Things began to change with the end of Prohibition in 1933, and the Irish Mob took an even greater hit during the years of the New Deal. A number of prominent practitioner’s of Machine politics were prosecuted or forced from office via corruption scandals. Political reforms were enacted that brought about an end to the long era of the Machine.
In the years following World War II, the Irish American gangster scattered far and wide. Many were absorbed into the labor movement, either as strikebreakers hired by corporations, or as tough guys and facilitators connected with trade unions, most notably the International Longshoremen’s Association (ILA) and the International Brotherhood of Teamsters. Some Irish American gangsters became notorious hitmen for hire who carried out murder contracts either for forces in the labor movement or for the Mob, also known as the Syndicate or the Outfit, which was a consortium of multiethnic mobsters. The Italian Mafia—a faction within the Mob that gained such a grandiose level of cultural notoriety in the later decades of the twentieth century that it came to represent the Mob itself—frequently employed Irish gunmen, particularly if the intended target of a hit was an Irishman.

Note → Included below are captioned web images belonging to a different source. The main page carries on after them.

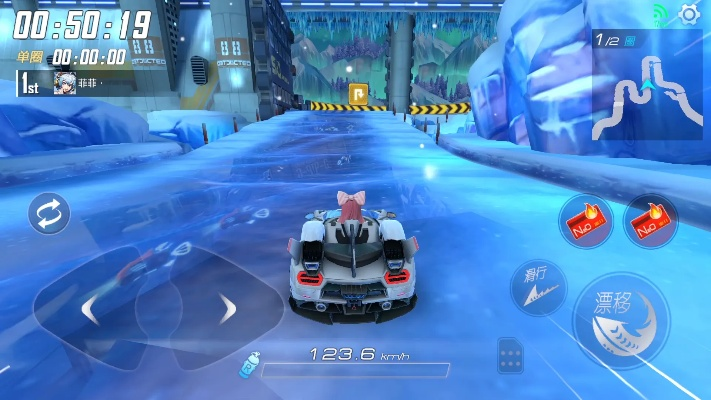 snow官方下载和一起来飞车 版本,可靠性计划解析&Advance_v1.803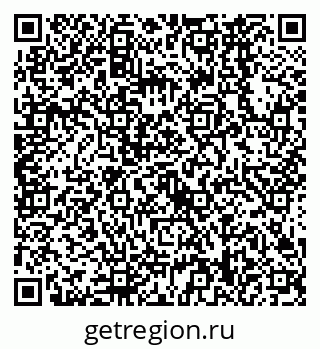 79638568132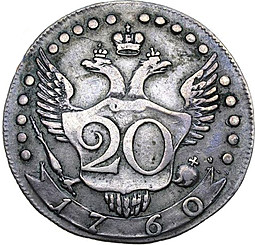 Монета 20 копеек 1760 Пробные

The image of the independent Irish American criminal, a man who went wherever the money was, became a common trope in the underworld of the 1960s, 1970s, and 1980s. Working-class hoods who usually specialized in a specific brand of criminal activity—whether it was B & Es (breaking and entering), safe cracking, the snatch racket (kidnapping), murder-for-hire, or body disposal—saw themselves as underworld tradesmen. (One Irish American hitman of this era even referred to what he did as “carpentry work.”) Often, these were men who wound up on the losing end of a long, ongoing rivalry between Irish and Italian mobsters that was rooted deep in the history of the American underworld. With a far larger and more organized structure, Italian organized crime groups inevitably dominated these confrontations, leaving a trail of dead Irishmen across the land.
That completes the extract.